This repository contains a version of Google Cartographer modified to implement frontier detection according to the method described in the paper "Efficient Dense Frontier Detection for 2D Graph SLAM Based on Occupancy Grid Submaps" (pre-print available on arXiv).
To use, you can follow the usual intructions for compiling Cartographer, available here. However, instead of calling wstool
to clone the official upstream version of Cartographer, clone this repository into your Catkin workspace instead (git clone https://github.com/larics/cartographer_frontier_detection
). Afterwards, use the usual command for building the Catkin workspace (catkin_make_isolated --install --use-ninja
). We strongly recommend Ubuntu 18.04 and ROS Melodic.
The code in the repository assumes you have an Intel Broadwell (or better) CPU for using Eigen AVX vectorization. If you have an older CPU (or an AMD cpu), change the following line in the file: cartographer_ros/cartographer_ros/cartographer_ros/frontier_detection.cc
#pragma GCC target ("arch=broadwell")`
to your CPU architecture (e.g. sandybridge
, skylake
). The full list of CPU architectures supported by GCC is available here.
No other configuration compared to upstream Cartographer is necessary.

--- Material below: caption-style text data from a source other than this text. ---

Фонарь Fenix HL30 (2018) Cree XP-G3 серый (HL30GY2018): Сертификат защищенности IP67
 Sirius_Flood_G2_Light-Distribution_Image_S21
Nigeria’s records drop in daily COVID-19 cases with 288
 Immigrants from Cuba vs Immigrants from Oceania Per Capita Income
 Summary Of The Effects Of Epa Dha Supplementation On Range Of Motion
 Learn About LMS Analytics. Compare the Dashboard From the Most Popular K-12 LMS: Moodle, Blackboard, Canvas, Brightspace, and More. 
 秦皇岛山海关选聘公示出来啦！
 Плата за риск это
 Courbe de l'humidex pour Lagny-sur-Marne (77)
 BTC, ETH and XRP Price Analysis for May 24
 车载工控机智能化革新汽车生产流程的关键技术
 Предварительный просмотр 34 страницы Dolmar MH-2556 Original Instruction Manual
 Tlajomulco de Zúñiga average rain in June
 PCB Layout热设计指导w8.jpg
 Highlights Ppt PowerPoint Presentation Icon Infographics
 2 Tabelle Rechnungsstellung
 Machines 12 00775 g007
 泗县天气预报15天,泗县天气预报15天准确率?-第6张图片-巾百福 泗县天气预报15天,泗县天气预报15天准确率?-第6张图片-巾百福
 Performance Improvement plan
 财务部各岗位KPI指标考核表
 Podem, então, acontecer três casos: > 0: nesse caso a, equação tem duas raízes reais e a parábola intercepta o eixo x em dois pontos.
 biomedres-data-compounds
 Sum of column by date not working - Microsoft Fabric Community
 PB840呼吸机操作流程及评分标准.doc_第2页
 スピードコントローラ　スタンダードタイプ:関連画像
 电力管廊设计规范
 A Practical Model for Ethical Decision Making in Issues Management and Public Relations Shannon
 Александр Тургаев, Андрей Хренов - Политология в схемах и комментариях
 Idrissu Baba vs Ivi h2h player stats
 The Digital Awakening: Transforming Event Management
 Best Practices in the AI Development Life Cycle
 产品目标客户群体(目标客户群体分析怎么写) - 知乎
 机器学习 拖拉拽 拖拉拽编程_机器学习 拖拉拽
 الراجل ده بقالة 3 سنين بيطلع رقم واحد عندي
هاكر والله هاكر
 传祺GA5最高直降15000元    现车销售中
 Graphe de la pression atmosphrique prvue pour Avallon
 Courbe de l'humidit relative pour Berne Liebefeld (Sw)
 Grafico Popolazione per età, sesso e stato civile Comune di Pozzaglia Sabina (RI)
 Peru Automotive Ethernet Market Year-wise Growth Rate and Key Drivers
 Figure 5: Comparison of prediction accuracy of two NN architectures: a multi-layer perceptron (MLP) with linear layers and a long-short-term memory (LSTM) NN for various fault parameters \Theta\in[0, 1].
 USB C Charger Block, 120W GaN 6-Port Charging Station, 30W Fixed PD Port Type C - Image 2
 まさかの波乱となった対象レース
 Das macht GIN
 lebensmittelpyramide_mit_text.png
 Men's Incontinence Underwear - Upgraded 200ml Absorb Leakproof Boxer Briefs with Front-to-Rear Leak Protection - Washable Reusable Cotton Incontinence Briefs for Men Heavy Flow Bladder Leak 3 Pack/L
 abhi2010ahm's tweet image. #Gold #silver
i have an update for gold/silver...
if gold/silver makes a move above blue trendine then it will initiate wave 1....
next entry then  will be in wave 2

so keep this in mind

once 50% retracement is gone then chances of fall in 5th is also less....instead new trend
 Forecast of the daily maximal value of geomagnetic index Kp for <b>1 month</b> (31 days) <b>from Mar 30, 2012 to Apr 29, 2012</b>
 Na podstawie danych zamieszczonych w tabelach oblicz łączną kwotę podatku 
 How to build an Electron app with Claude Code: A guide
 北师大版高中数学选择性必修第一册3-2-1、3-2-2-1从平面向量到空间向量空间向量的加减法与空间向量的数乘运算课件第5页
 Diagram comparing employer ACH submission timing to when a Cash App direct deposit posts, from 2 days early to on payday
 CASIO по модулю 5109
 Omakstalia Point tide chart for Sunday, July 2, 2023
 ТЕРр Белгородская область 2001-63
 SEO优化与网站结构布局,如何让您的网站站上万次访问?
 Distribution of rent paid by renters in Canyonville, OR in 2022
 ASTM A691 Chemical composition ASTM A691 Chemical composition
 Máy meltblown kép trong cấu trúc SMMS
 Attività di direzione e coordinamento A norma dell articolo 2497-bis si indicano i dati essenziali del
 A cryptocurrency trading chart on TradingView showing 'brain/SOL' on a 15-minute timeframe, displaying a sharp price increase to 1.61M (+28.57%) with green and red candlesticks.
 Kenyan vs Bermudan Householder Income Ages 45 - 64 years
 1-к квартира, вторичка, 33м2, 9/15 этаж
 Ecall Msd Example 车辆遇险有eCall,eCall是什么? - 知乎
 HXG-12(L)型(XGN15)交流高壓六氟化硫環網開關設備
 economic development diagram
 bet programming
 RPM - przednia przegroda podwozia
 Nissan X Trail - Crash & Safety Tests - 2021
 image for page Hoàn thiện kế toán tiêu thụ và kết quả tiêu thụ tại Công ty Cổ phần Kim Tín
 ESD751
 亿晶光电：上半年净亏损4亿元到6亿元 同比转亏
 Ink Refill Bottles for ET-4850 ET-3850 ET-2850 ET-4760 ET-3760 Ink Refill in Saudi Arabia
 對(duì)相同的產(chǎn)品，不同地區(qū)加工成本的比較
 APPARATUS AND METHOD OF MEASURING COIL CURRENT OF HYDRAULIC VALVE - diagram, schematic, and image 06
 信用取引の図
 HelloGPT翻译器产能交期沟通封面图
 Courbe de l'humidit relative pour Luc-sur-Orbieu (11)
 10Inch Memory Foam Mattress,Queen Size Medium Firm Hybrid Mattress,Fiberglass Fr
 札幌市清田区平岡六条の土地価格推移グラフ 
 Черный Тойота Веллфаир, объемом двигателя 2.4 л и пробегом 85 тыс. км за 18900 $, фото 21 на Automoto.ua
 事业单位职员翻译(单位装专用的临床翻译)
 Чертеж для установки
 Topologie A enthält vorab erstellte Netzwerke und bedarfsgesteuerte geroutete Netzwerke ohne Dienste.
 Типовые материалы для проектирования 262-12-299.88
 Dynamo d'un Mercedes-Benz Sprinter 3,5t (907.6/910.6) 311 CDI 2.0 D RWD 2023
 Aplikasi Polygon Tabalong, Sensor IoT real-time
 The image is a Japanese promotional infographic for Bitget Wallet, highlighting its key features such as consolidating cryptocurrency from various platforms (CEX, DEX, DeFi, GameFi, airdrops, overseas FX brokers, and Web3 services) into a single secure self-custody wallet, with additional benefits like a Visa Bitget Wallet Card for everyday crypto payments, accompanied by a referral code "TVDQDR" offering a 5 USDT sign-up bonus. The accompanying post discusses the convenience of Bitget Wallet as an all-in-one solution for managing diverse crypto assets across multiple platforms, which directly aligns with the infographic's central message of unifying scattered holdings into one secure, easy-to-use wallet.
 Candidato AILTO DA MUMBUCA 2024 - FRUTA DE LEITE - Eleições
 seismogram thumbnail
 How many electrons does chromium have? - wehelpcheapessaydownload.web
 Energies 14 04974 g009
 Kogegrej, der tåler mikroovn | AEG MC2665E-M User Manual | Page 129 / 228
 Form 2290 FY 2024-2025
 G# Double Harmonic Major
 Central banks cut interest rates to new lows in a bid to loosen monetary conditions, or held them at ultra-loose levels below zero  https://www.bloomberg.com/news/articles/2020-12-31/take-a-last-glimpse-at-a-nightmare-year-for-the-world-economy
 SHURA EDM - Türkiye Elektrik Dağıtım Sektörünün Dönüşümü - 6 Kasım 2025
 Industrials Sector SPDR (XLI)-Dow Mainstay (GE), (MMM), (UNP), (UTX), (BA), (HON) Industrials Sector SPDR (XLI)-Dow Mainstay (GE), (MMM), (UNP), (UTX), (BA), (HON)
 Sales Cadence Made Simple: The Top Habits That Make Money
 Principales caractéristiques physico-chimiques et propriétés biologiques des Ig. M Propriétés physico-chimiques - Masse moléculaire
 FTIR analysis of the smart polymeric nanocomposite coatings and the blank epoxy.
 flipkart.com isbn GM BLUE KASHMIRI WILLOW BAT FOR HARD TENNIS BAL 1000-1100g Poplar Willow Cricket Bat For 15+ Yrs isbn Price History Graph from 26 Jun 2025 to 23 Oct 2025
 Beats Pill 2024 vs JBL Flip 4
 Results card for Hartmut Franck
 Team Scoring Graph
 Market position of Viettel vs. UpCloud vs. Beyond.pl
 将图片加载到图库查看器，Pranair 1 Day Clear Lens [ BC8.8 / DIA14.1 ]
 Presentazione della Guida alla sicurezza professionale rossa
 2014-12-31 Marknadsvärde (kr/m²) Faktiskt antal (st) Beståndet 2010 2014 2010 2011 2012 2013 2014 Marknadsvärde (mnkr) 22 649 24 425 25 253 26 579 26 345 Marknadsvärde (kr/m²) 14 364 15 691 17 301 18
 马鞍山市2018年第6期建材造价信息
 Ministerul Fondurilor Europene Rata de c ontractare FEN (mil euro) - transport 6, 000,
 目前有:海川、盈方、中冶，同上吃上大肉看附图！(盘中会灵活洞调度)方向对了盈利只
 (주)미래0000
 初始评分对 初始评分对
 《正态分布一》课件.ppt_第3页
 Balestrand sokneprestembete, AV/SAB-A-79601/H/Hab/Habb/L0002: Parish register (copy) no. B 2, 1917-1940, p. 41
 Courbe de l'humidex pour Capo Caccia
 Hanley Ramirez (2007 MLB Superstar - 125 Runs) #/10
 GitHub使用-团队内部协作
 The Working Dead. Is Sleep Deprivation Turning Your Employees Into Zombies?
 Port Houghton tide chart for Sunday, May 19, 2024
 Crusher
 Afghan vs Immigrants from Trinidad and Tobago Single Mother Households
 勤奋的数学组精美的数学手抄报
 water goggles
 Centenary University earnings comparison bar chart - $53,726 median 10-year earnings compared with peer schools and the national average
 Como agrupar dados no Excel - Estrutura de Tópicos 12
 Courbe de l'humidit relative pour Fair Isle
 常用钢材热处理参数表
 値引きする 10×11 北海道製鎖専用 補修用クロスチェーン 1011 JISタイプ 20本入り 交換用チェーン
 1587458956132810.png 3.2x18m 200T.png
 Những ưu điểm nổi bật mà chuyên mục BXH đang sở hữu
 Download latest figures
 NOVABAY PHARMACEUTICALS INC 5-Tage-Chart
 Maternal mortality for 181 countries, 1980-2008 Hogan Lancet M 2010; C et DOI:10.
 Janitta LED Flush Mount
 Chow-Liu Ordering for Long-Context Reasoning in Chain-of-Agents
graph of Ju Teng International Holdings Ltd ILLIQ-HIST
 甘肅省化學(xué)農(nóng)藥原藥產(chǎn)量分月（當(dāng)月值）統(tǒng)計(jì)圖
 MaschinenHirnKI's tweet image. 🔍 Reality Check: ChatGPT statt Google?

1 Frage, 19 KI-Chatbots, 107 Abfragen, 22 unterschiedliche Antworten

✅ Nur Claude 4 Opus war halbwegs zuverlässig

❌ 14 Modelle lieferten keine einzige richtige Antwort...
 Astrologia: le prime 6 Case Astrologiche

When cartographer is running, add a marker display for the /frontier_marker
topic.
This version of Cartographer will emit frontier updates as visualization markers (visualization_msgs/MarkerArray) on the /frontier_marker
topic. Frontier points are split into submaps using marker namespaces and are sent already projected into the global map frame. A node which subscribes to the frontier marker topic should accumulate all frontier points it receives, for all submaps. When a newer marker for the same submap (with the same namespace) arrives, the previous frontier points for that submap should be replaced with the new version.